Source records: Begin
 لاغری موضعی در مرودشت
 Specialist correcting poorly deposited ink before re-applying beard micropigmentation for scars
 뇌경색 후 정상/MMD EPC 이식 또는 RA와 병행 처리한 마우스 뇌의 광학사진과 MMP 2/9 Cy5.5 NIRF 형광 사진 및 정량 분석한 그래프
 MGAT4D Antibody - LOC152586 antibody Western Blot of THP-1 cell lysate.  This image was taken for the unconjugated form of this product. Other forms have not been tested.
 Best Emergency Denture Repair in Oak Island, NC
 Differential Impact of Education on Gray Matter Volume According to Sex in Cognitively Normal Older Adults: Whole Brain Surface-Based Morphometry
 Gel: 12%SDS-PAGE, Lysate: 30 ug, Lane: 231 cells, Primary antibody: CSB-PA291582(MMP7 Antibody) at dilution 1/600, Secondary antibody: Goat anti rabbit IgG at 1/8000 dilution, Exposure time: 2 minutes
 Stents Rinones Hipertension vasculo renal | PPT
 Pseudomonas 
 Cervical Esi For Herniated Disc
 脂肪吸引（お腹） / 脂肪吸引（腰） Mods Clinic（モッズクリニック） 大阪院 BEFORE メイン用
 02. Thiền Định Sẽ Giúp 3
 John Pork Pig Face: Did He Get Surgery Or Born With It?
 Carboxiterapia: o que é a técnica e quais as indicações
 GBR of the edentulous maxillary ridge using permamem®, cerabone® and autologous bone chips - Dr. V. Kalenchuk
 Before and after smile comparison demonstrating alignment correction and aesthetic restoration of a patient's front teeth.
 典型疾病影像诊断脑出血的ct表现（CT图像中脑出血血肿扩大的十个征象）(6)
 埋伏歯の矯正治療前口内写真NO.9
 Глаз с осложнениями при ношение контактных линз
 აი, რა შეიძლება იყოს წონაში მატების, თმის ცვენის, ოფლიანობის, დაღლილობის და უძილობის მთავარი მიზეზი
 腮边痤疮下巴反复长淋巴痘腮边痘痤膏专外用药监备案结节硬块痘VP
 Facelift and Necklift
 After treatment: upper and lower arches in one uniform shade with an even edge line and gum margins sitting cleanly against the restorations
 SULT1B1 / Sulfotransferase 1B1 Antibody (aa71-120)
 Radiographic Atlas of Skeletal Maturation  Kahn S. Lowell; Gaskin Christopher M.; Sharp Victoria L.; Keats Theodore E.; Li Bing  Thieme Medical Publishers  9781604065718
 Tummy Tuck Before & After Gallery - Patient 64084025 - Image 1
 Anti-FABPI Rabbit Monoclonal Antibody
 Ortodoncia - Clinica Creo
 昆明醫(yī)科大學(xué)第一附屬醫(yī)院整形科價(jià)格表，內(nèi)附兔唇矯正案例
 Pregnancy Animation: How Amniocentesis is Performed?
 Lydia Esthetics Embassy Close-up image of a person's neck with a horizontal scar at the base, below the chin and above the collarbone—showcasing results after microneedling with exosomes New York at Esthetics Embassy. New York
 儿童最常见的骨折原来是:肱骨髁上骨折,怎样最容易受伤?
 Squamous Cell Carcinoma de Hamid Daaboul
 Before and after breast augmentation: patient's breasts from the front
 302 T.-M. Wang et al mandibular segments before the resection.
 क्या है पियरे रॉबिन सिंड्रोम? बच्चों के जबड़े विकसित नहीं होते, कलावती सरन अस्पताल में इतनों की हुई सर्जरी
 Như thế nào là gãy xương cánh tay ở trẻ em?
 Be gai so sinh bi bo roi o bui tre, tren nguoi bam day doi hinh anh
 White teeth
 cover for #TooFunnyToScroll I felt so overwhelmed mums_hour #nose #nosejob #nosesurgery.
Source records: End
Return a copy of every line in the records that includes the string "teeth".

 Before and after smile comparison demonstrating alignment correction and aesthetic restoration of a patient's front teeth.
 White teeth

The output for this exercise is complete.